* [PROVIDED MATERIAL]
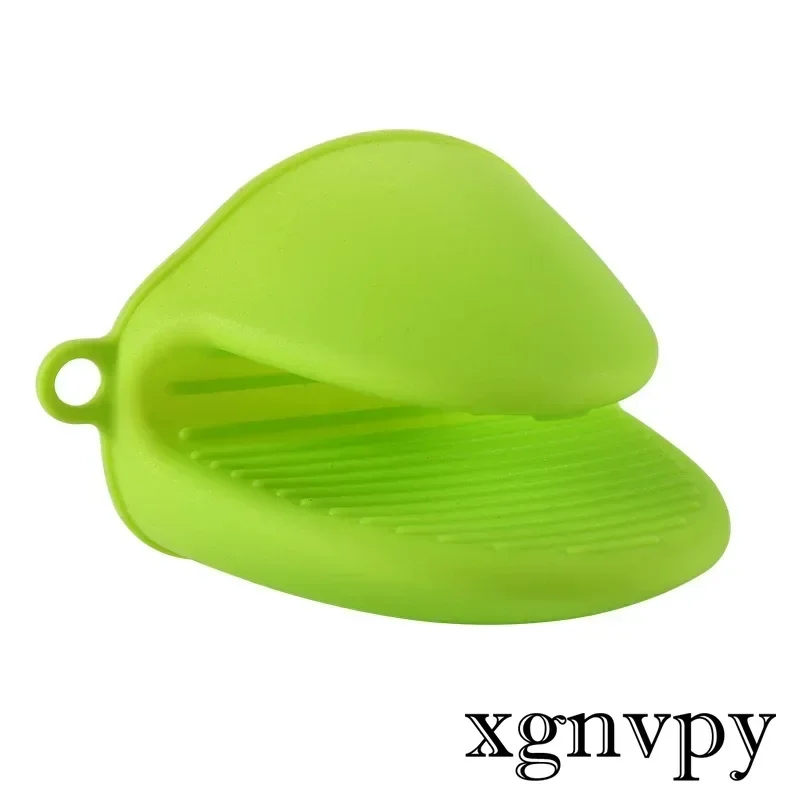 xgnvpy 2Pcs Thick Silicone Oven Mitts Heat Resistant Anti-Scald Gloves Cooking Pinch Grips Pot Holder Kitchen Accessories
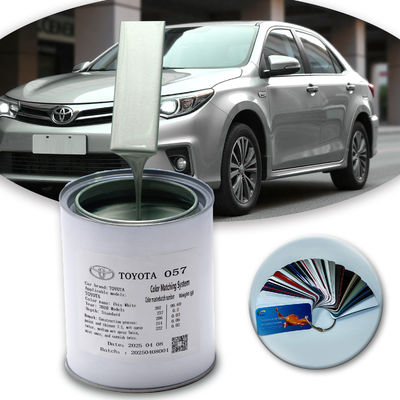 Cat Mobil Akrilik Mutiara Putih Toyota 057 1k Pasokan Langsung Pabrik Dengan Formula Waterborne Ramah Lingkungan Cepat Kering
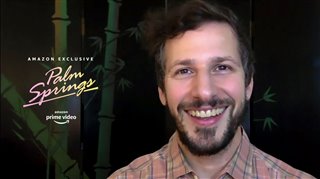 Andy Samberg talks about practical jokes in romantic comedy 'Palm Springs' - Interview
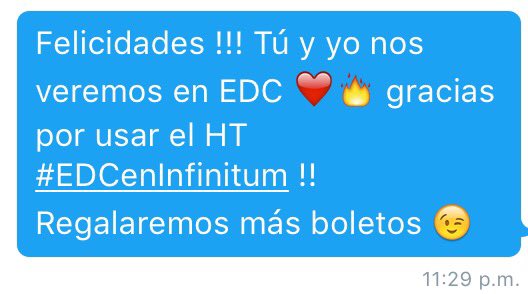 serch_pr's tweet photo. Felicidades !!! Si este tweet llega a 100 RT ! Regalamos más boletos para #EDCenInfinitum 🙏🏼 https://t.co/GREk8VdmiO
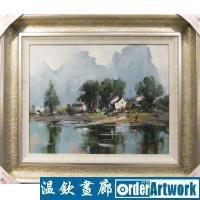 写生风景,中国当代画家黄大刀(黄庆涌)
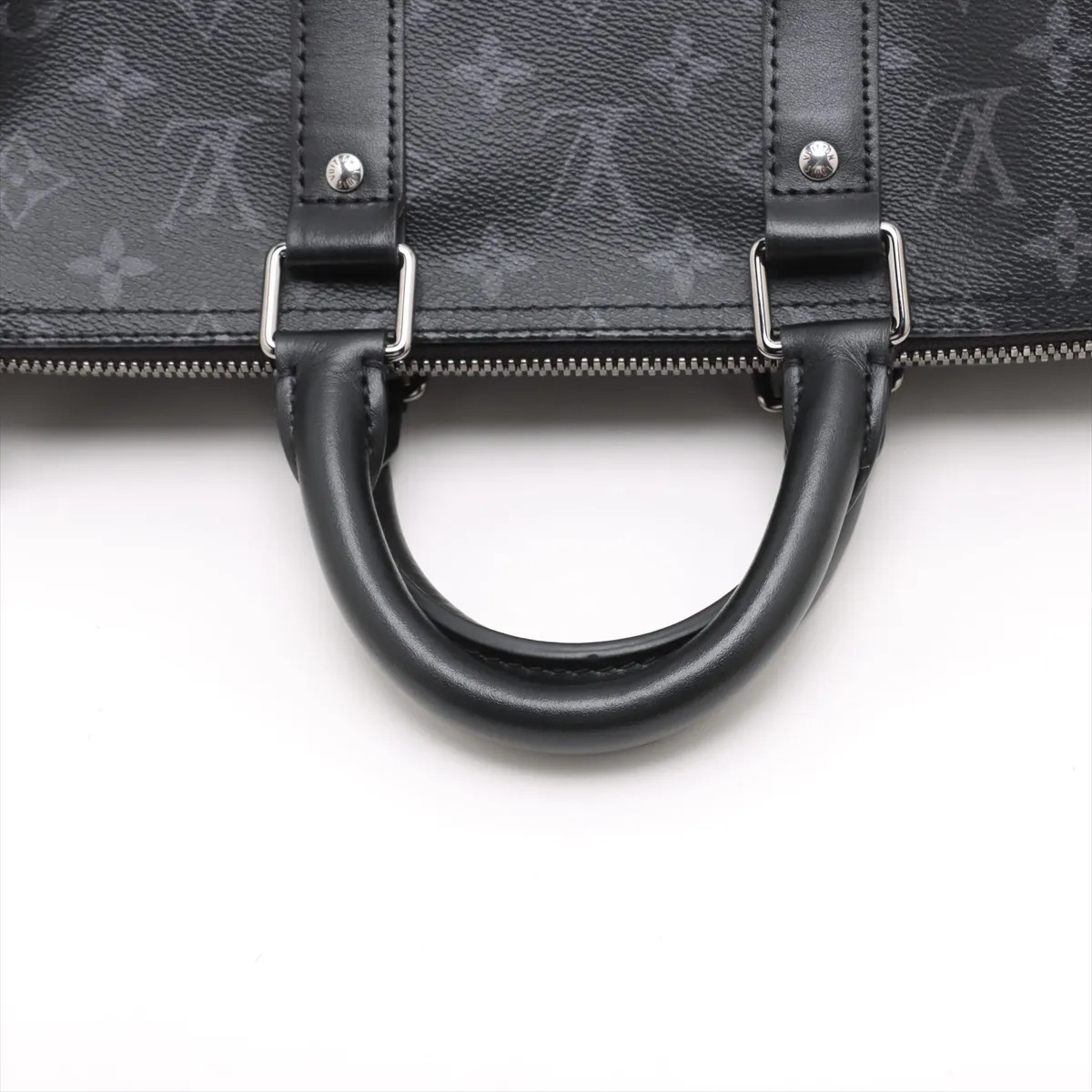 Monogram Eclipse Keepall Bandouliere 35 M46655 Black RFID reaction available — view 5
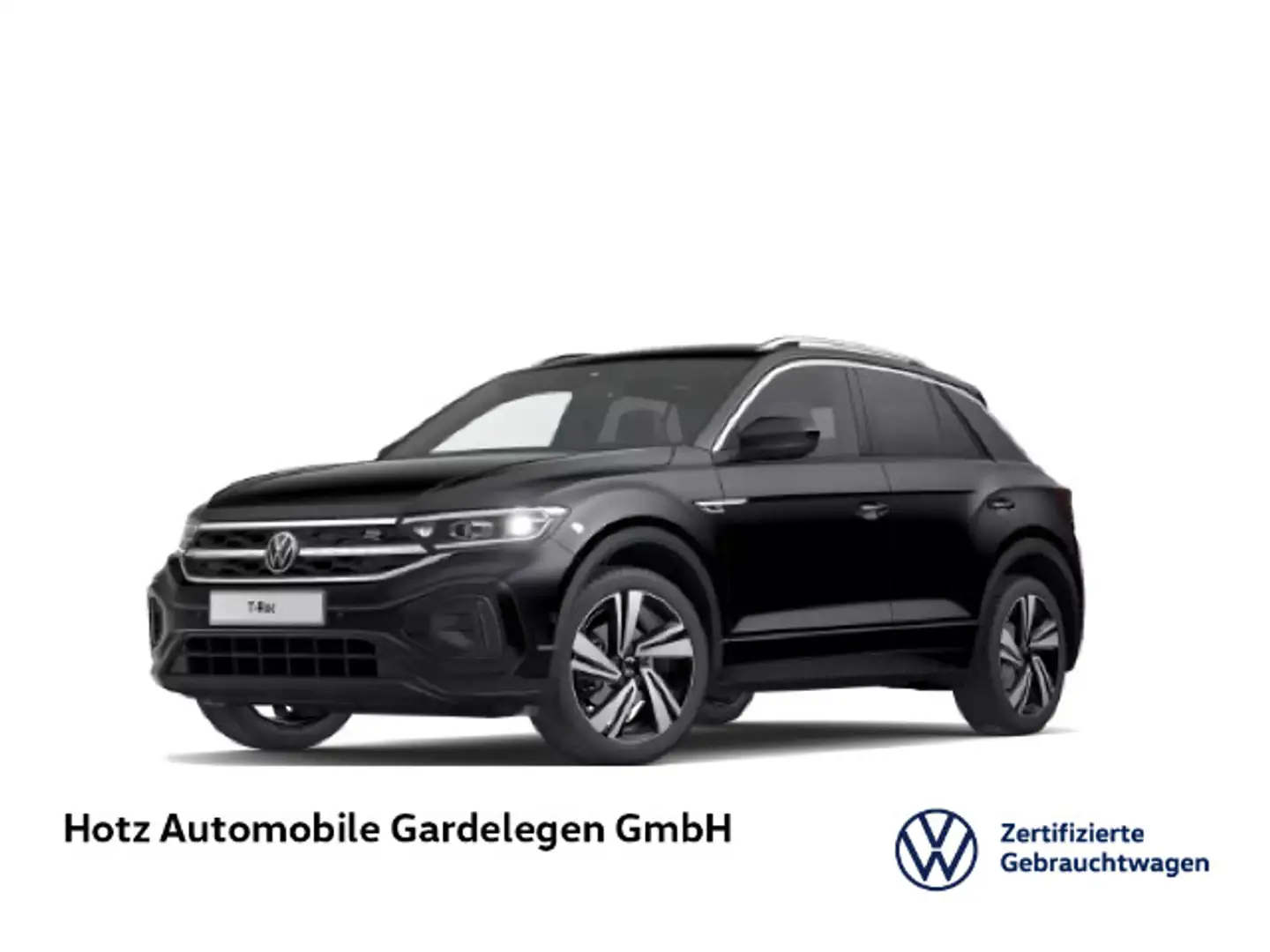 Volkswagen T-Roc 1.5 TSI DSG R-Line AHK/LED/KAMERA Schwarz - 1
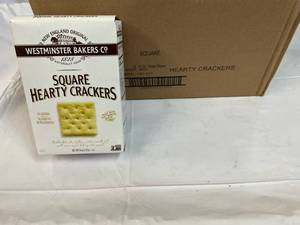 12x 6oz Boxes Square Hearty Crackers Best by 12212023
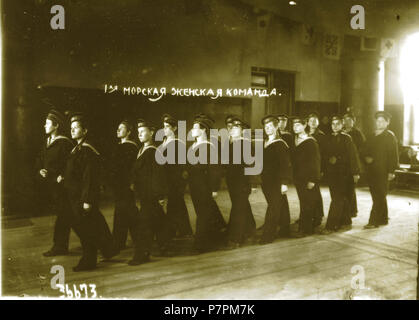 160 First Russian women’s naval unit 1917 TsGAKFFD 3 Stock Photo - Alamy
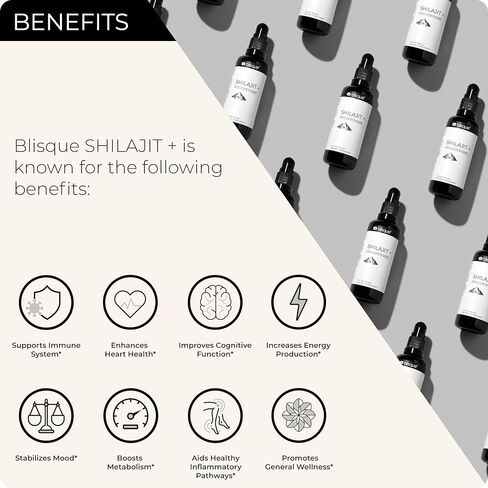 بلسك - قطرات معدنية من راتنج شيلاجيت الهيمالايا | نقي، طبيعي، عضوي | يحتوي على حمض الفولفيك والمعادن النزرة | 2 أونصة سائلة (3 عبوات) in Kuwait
---
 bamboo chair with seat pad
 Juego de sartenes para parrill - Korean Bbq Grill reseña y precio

* [YOUR INSTRUCTIONS] Print, word for word, the lines above that run from the line containing "xgnvpy 2Pcs Thick" to the line containing "Volkswagen T-Roc 1.5", both included. Keep the pictures out.

* [WRITTEN REPLY]
 xgnvpy 2Pcs Thick Silicone Oven Mitts Heat Resistant Anti-Scald Gloves Cooking Pinch Grips Pot Holder Kitchen Accessories
 Cat Mobil Akrilik Mutiara Putih Toyota 057 1k Pasokan Langsung Pabrik Dengan Formula Waterborne Ramah Lingkungan Cepat Kering
 Andy Samberg talks about practical jokes in romantic comedy 'Palm Springs' - Interview
 serch_pr's tweet photo. Felicidades !!! Si este tweet llega a 100 RT ! Regalamos más boletos para #EDCenInfinitum 🙏🏼 https://t.co/GREk8VdmiO
 写生风景,中国当代画家黄大刀(黄庆涌)
 Monogram Eclipse Keepall Bandouliere 35 M46655 Black RFID reaction available — view 5
 Volkswagen T-Roc 1.5 TSI DSG R-Line AHK/LED/KAMERA Schwarz - 1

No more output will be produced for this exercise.